Inefficient Hash Table implementation

trekhleb / javascript-algorithms

📝 Algorithms and data structures implemented in JavaScript with explanations and links to further readings

MIT License

185.78k stars 29.96k forks source link

Inefficient Hash Table implementation #529

Open David263 opened 3 years ago

David263 commented 3 years ago

There is no good reason to publish poorly-performing algorithms, in my opinion. Hash Tables are frequently used in inner loops, so it is important that they run fast.

The hash function used here has much published criticism. It could be replaced by a variant of Pearson Hashing, which runs very quickly and has good statistical properties for avoiding collisions. Note also that careful use of JavaScript datatypes is needed for efficient and fast data storage.

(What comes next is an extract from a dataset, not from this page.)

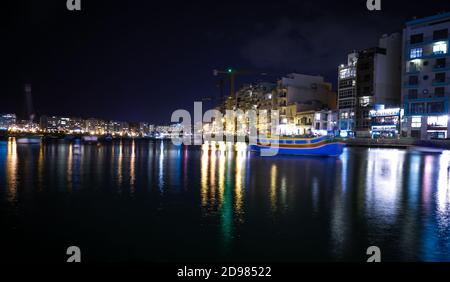 ST. JULIAN'S - MALTA, 29 March 2017: Lights and reflections in Spinola Bay at night. Saint Julian's is a town in the Central Region of Malta and situa Stock Photo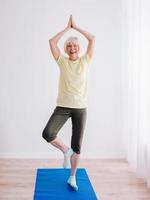 mujer mayor haciendo yoga en el interior. anti edad, deporte, concepto de yoga foto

JackyYin commented 3 years ago

I am trying to implement the Pearson Hashing. Please check PR #596

JackyYin commented 3 years ago

The test coverage failed because test case is not covering a local variable inside a function. I am not sure if it is a good idea to test the line coverage in this case. Any suggestion to fix this problem?

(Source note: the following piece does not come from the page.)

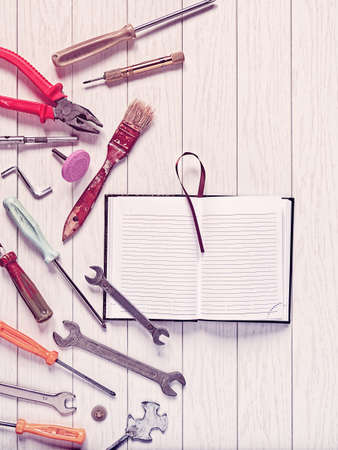 Open diary with empty pages and various tools are on a white wooden background. An image of the planning of working hours, setting goals. Image is suitable as a greeting on Labor Day or Father's Dayの写真素材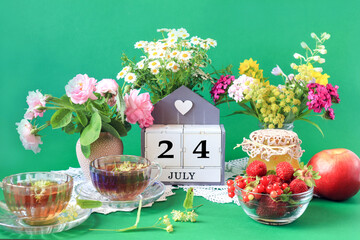 Wall Mural - Calendar for July 24 : the name of the month of July in English, cubes with the number 24, bouquets of wild flowers, jam, fruit, cups of tea, white napkins, green background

David263 commented 3 years ago

If you are asking me, the author of this suggestion, I have no answer. I am not familiar with the testing system that you are using. If a test case it missing, why not add it? I can answer only questions about the Pearson Hashing algorithm, such as how to extend it beyond its natural limit of 8 bits of key data. I have used Pearson Hashing in real products and find that it performs quite randomly, as desired, producing fewer collisions than more common types of hashing functions.

lazarljubenovic commented 3 years ago

There is no good reason to publish poorly-performing algorithms, in my opinion.

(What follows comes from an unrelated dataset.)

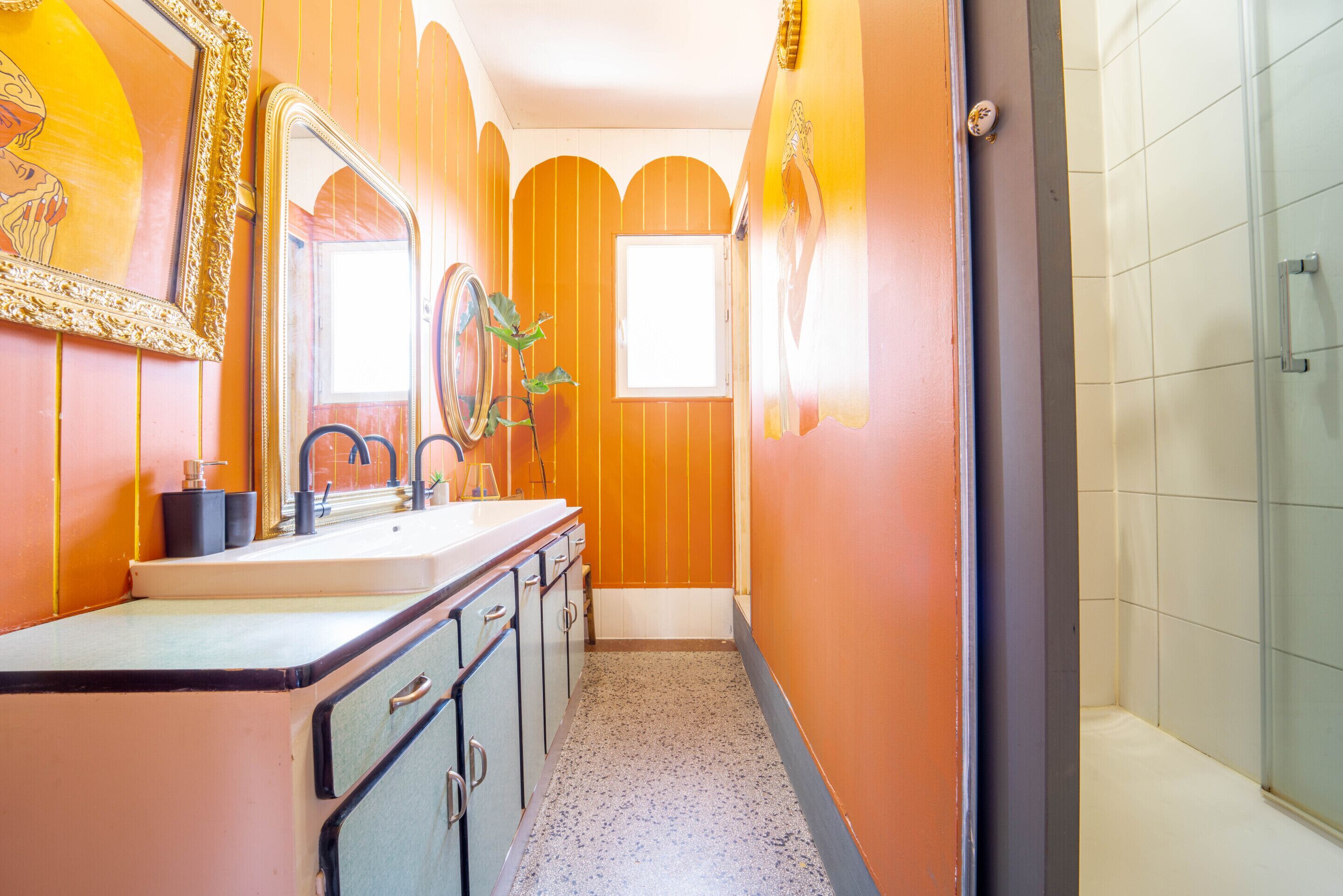 A narrow bathroom with a sink, mirror, and shower.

The nature of the repo is to provide implementations for learning. They're not production-ready. That said, I agree that bad solutions shouldn't be here. If a solution is sub-optimal but provides insight into a technique, I think it can remain here under “Basic”, with a clear banner explaining why it's not optimal and where to look further to gain deeper understanding.

JackyYin commented 3 years ago

@David263 Thanks, Because it seems like you have a rich experience in Pearson Hashing algorithm, could you give me some advise about my implementation? I will generate a 32-bits signed int hash, which is generated by ORing four 8-bits hash, and right shift 1 bit to make sure I get a positive number(the left most bit should be 0). I am not sure whether it's a good idea to do the right shift, or I should just use an absolute function?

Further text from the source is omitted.